Vincent Van Gogh, "The Chair" 1888

"The legs of that chair- how miraculous their tubularity, how supernatural their polished smoothness! I spent several minutes- or was it several centuries?- not merely gazing at those bamboo legs, but actually being them- or rather being myself in them; or, to be still more accurate (for 'I' was not involved in the case, nor in a certain sese were 'they') being my Not-self in the Not-self which was the chair."

"There stood a row, surprisingly enough, of art books. I picked up the first volume that came to hand. It was on Van Gogh, and the picture at which the book opened was "The Chair"-- that astounding portrait of a Ding an Sich, which the mad painter saw, with a kind of adoring terror, and tried to render on his canvas.

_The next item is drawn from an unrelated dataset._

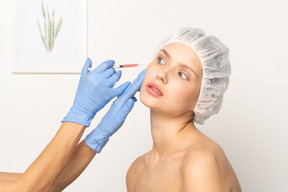 Femme qui a l'air effrayée de se faire injecter du botox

But it was a task to which the power even of genius proved wholly inadequate. The chair Van Gogh had seen was obviously the same in essence as the chair I had seen. But, though incomparably more real than the chairs of ordinary perception, the chair in his picture remained no more than an unusually expressive symbol of the fact. The fact had been manifested Suchness; this was only an emblem. Such emblems are sources of true knowledge about the Nature of Things, and this true knowledge may serve to prepare the mind which accepts it for immediate insights on it's own account. But that is all. However expressive, symbols can never be the things they stand for."

"Confronted by a chair which looked like the Last Judgement-- or, to be more accurate, by a Last Judgement which, after a long time and with considerable difficulty, I recognized as a chair-- I found myself all at once on the brink of panic. This, I suddenly felt, was going too far. Too far, even though the going was into intenser beauty, deeper significance."